» How to complete this task
A single number is the answer: the count of lines below that contain "lofted".

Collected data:
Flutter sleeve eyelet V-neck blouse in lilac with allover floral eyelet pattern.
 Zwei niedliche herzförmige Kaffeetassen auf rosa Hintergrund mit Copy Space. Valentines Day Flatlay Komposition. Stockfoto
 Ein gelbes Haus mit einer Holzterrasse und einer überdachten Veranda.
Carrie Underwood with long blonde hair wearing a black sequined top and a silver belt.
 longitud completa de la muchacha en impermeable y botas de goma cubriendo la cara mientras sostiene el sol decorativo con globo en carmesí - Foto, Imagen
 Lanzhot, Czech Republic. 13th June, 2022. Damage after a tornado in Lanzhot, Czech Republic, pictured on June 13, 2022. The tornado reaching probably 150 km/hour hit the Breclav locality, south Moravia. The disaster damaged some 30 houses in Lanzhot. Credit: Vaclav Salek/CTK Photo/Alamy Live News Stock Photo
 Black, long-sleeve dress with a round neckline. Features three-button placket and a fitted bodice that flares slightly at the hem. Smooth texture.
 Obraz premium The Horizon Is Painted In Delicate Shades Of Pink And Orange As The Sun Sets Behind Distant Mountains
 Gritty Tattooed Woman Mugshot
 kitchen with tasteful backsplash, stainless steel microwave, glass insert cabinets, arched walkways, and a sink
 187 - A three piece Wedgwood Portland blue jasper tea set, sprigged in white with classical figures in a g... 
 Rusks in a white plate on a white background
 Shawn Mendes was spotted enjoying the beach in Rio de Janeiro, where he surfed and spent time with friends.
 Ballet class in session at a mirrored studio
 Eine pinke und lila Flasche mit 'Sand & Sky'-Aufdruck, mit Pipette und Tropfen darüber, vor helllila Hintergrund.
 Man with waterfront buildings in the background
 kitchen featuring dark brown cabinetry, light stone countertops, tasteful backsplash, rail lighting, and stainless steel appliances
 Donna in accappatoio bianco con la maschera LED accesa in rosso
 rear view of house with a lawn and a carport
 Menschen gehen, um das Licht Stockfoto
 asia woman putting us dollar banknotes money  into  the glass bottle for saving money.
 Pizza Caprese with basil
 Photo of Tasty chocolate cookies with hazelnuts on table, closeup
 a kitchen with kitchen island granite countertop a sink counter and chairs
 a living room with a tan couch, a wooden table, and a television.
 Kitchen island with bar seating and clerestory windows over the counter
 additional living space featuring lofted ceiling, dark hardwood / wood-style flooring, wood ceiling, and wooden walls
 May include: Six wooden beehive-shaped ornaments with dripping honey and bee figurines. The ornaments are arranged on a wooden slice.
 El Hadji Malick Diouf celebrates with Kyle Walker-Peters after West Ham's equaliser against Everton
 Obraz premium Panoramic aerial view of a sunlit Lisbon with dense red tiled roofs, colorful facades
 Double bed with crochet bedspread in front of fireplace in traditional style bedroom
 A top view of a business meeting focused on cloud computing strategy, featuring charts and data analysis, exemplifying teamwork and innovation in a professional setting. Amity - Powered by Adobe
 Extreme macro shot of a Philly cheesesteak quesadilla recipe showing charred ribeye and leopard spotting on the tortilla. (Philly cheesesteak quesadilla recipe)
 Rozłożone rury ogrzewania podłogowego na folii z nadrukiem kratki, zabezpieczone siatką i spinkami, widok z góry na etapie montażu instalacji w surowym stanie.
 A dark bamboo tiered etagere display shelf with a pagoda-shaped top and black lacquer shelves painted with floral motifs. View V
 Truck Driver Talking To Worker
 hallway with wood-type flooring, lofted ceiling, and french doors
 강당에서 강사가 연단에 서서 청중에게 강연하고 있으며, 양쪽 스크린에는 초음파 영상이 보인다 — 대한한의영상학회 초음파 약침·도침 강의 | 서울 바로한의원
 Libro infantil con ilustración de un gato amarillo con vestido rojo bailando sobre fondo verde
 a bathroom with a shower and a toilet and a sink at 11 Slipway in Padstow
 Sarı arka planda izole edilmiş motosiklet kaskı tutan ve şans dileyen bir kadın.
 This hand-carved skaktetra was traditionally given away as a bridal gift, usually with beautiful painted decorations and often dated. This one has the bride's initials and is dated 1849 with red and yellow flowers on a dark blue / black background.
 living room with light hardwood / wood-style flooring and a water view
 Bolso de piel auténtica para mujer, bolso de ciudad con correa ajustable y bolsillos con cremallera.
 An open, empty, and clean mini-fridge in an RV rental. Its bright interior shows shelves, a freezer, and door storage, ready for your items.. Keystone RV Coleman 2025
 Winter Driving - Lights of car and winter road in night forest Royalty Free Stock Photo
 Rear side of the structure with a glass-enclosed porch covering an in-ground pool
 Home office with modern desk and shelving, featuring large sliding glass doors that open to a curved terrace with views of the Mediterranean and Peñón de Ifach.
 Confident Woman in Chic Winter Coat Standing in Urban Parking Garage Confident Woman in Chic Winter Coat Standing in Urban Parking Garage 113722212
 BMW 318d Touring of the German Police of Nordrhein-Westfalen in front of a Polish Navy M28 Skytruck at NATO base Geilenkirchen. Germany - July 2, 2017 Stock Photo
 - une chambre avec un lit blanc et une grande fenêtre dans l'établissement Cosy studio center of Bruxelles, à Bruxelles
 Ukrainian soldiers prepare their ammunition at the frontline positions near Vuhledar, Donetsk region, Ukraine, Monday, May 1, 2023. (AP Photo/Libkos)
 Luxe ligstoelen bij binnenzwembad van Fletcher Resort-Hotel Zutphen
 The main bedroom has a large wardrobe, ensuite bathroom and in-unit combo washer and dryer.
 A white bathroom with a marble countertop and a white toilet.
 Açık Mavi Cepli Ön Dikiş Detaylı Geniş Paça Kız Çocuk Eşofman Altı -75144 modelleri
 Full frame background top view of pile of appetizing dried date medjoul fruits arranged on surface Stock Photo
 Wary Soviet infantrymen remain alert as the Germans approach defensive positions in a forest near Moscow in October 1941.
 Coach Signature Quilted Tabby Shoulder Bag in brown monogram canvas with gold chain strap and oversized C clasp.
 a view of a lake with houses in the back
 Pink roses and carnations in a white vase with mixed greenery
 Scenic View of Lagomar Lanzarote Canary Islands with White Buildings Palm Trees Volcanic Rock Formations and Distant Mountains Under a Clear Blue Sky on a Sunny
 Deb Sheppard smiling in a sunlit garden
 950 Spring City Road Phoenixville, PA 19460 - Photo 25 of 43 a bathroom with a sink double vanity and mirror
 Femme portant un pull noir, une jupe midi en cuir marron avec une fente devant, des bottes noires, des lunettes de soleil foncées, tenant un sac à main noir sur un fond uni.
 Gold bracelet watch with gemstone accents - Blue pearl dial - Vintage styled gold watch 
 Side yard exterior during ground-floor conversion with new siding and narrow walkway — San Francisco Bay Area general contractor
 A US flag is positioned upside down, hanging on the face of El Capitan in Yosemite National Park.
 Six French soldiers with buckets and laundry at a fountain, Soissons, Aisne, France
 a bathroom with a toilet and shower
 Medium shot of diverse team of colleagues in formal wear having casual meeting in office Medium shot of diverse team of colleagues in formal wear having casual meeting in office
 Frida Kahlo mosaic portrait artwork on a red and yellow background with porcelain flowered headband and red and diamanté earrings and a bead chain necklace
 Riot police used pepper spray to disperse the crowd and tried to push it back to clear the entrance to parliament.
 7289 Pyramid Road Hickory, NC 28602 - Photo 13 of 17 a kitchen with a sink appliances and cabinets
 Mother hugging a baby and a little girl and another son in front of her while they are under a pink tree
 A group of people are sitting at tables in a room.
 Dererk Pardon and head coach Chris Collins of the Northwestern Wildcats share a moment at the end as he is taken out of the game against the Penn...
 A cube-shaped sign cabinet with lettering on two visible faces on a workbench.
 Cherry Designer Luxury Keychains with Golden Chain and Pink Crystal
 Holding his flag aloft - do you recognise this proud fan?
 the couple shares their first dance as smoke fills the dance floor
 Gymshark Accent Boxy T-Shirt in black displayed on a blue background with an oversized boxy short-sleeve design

» Answer to this exercise
2